# budget IEMS under 700/-



## guru_urug (Jan 25, 2012)

I have spent the last few days googling and reading reviews of the well known iems (mentioned later) under Rs 700/- (max) Im still a college going student so I dont want to spend more than that since I travel by Mumbai's local trains and buses. Also I wont always have the time and patience to store the iems perfectly though I handle my stuff carefully.

I will be upgrading from the bundled iems that came with my LG optimus one. The phone will also be the source of music and on occasion my ipod touch 2G and Philips GoGear MP3 Player.

I want to enjoy bass effects as well as clarity of vocals and instruments. I love soulful songs as well as rock songs and bollywood beats. I *dont * want earphones that have absolutely no bass.
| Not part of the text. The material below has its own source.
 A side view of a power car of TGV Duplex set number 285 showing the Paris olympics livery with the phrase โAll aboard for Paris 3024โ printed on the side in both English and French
I like something to pump me up. 

My options are:
Soundmagic PL-11 Rs.550/-
JVC marshmallow Rs.550/-
Meelectronics m2p Rs 550/-
Soundmagic PL-21 Rs.700/-

Now my queries are:
1) Between the iems priced at 550/- which are the best sounding ones? 
Ive read that the meelec m2p is just as good as the other two in the range and also offers a mic(helpful with phone,though not a requirement).
2)I read in one review that the reviewer found the jvc marshmallow to be so good that he even recommended them over the SM PL-30.
3) Ive read that the new soundmagic earphones are durable and have good build quality (contrary to what Ive read here). Im not a harsh user but durabilty is a plus.
4)How much better is the PL-21 to the cheaper alternatives? Is it worth the extra dough? I dont want to spend more for 5% better clarity. Only a substantial upgrade will warrant spending more(Im spending my savings).


----------



## pratzgh1 (Jan 26, 2012)

I have heard all those mentioned and personally own the pl11, Marshmallows and the Pl21's.

My impressions: (Preference given as per ranking - after using them for over a month)

1) Pl11 - Very clear and fun sounding, deliver a good amount of bass. Highs and mids sound very balanced. Only thing is Soundstage is limited. But are superb performers. Love them TOTALLY.

2) Pl21 - Compared to the Pl11, they sound a bit warm, vocals and instruments are clear but not as peppy as the pl11. It too has nice volumes of bass. Very impressive soundstage, but they fall back only because the Pl11's sound a lot fun/lively.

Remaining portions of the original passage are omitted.